• [ABOUT THIS TASK]: Restate word for word all of the lines below, with each image left out.
BEGIN DATA PROVIDED
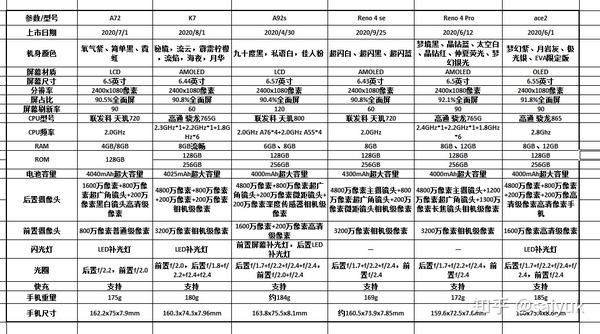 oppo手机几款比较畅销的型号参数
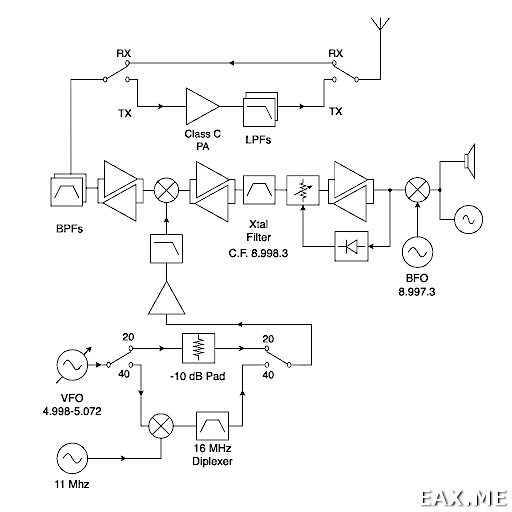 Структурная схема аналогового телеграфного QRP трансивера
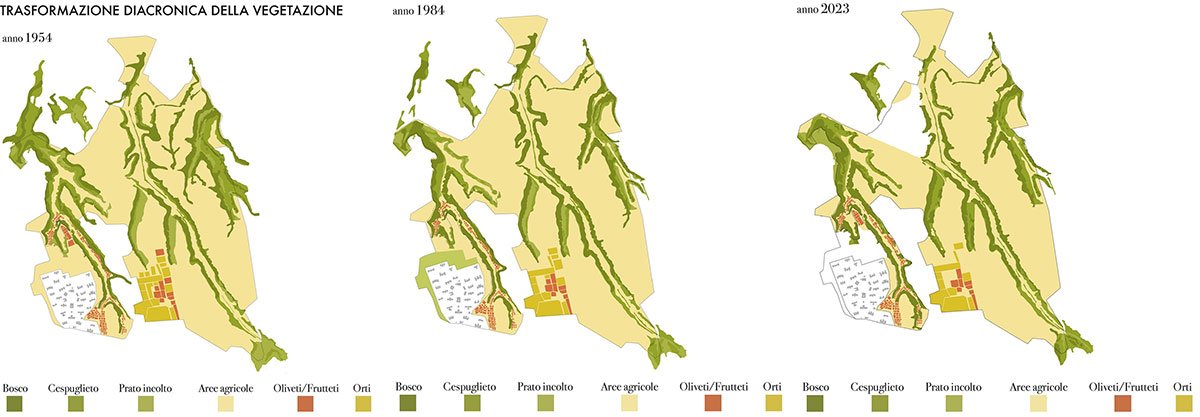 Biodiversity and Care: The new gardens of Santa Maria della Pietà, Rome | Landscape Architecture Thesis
END DATA PROVIDED
• [RESPONSE]:
 oppo手机几款比较畅销的型号参数
 Структурная схема аналогового телеграфного QRP трансивера
 Biodiversity and Care: The new gardens of Santa Maria della Pietà, Rome | Landscape Architecture Thesis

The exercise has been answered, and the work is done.